» Task requirements: In the entries that follow, the lines from the line containing "Mẫu tủ bếp kịch trần chữ I cho nhà phố hẹp" up to and including the line containing "Staedtler Triplus Fineliner Pen - Set of 4 Colors STD" must be copied exactly, with pictures omitted.

» Supplied material:

Content starts

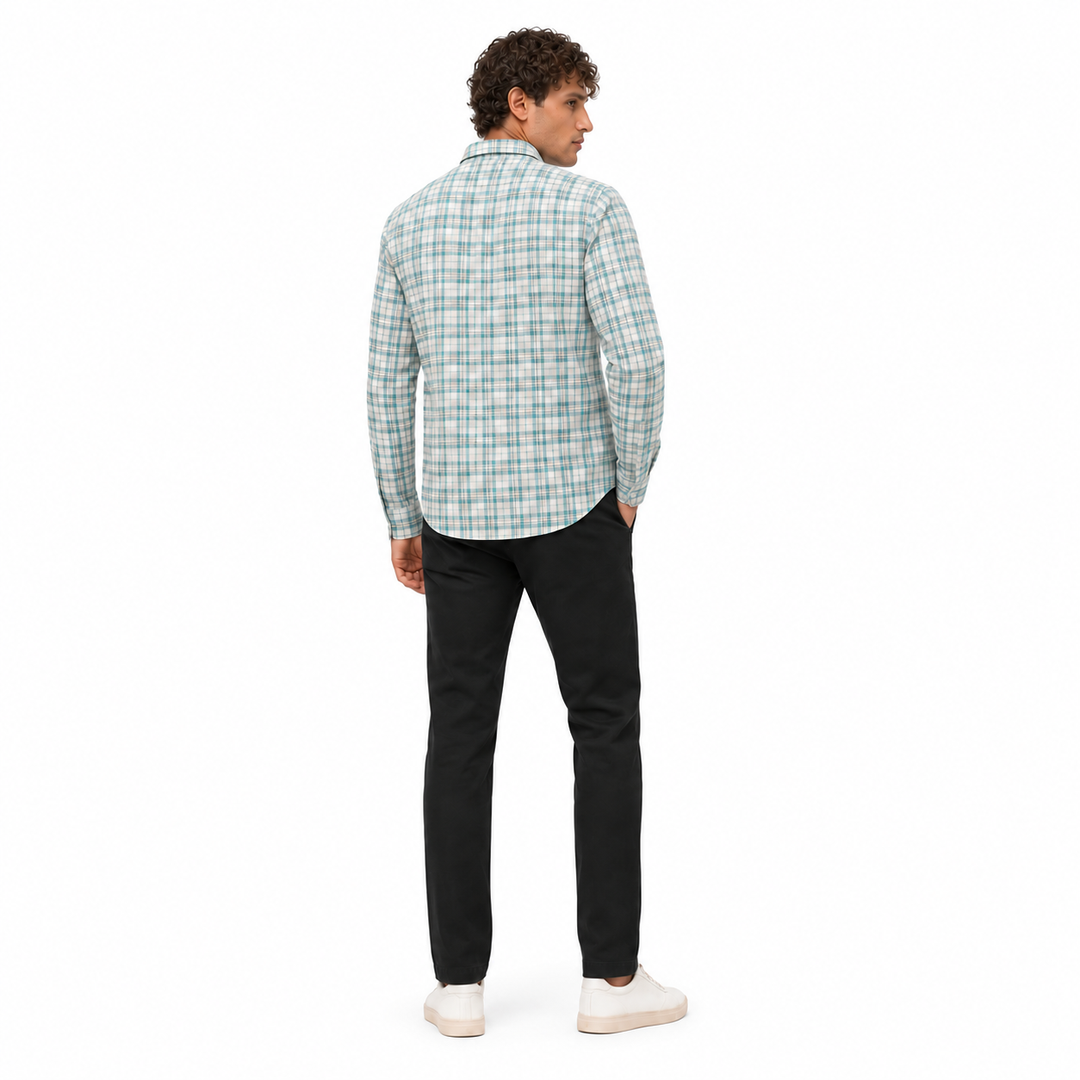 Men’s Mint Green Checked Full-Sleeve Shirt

Content ends
Content starts

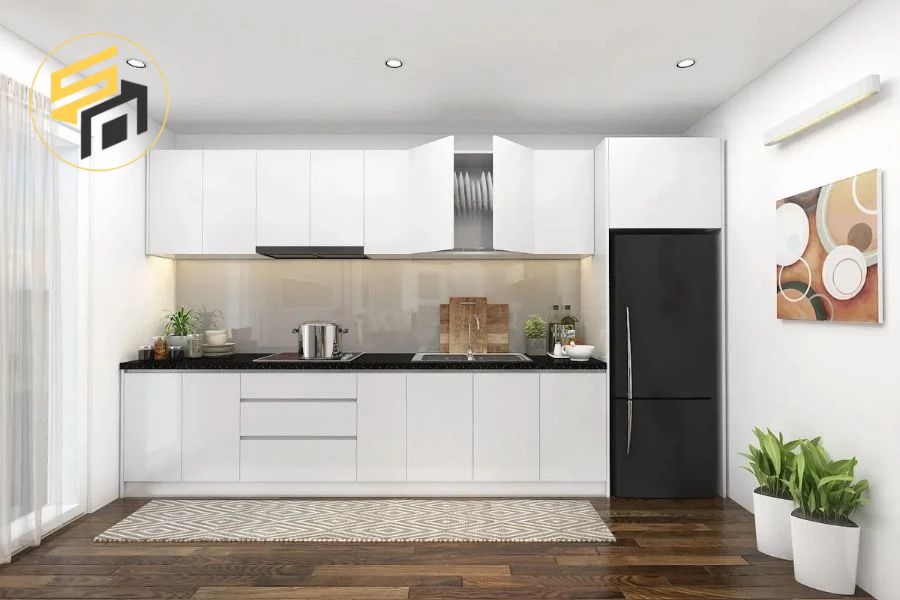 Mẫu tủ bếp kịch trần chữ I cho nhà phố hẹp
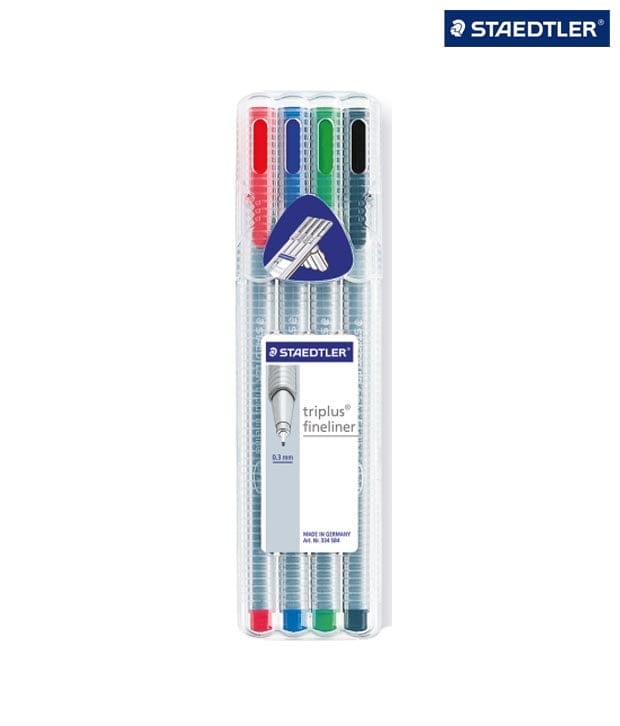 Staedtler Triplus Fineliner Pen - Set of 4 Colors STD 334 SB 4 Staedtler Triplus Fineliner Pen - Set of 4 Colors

Content ends

» Output below:
 Mẫu tủ bếp kịch trần chữ I cho nhà phố hẹp
 Staedtler Triplus Fineliner Pen - Set of 4 Colors STD 334 SB 4 Staedtler Triplus Fineliner Pen - Set of 4 Colors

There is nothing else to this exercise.